**TASK TO CARRY OUT:**
From the line containing "a row of blue" to the end of the data, retype every line exactly and nothing else. Drop the pictures.

**EXTRACTED RECORDS:**
☆ ☆ ☆ ☆

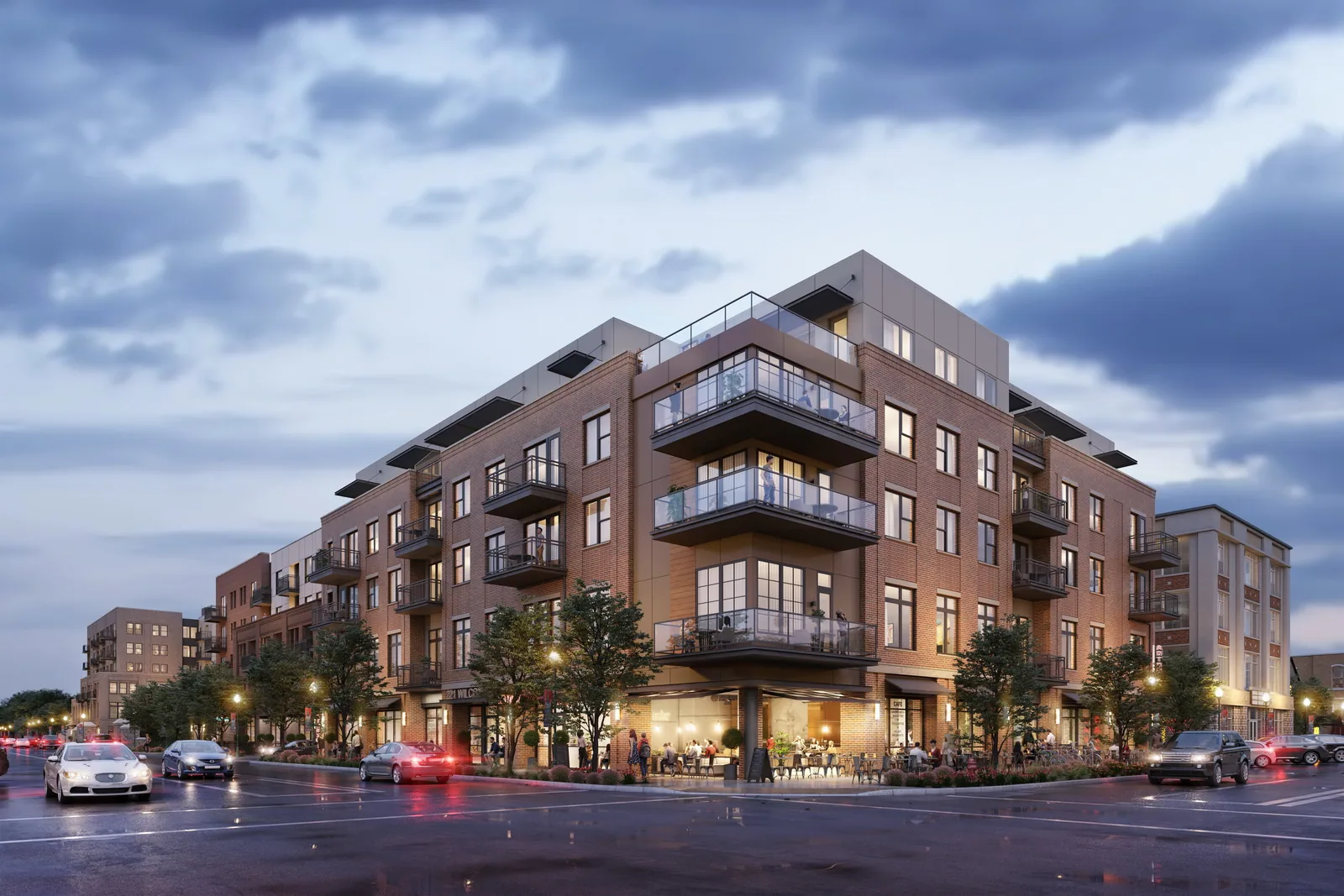 Brick Riverwalk Castle Rock building at 221 Wilcox Street with glass balconies and lit shops at dusk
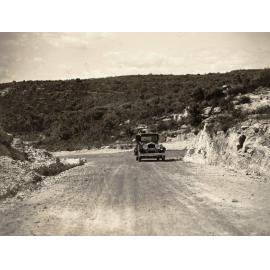 Car in Ernest Street at junction of Condamine Street with rocky siding, Balgowlah, 5th September 1935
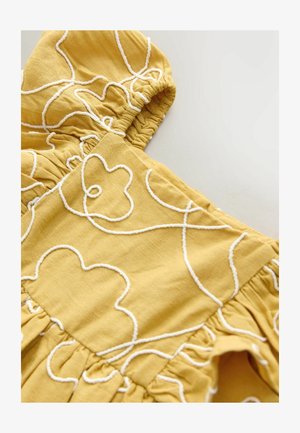 Žlutá látka s bílými vyšívanými květinovými vzory, nabíraným výstřihem, texturovaným povrchem a rozšířenými záhyby na spodní straně.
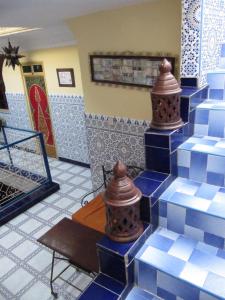 a row of blue and white fire hydrants in a room at Sindi Sud in Marrakesh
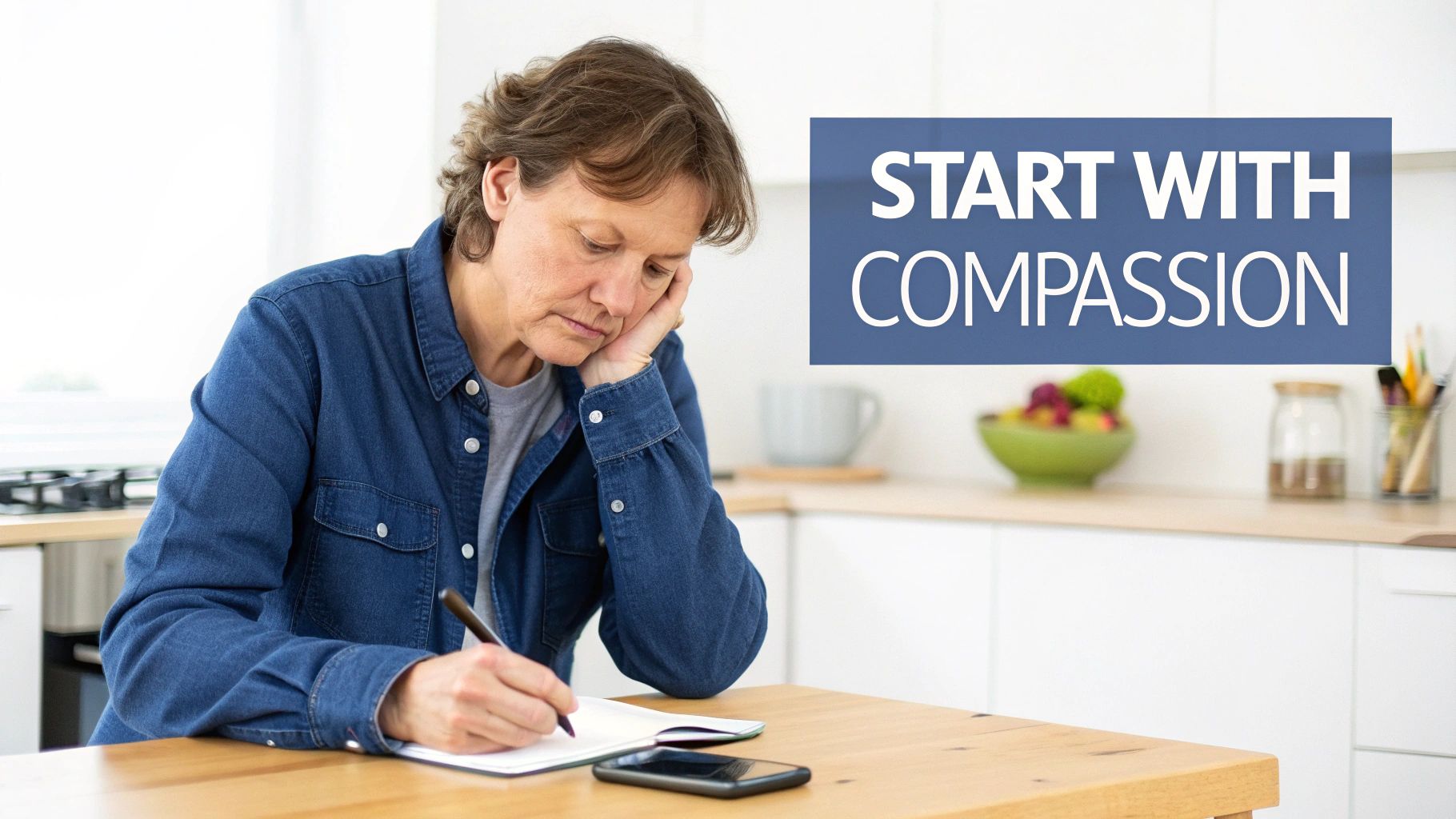 A pensive woman writing in a notebook at a kitchen table, with a blue 'START WITH COMPASSION' overlay.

☆ ☆ ☆ ☆

**FINISHED EXERCISE:**
 a row of blue and white fire hydrants in a room at Sindi Sud in Marrakesh
 A pensive woman writing in a notebook at a kitchen table, with a blue 'START WITH COMPASSION' overlay.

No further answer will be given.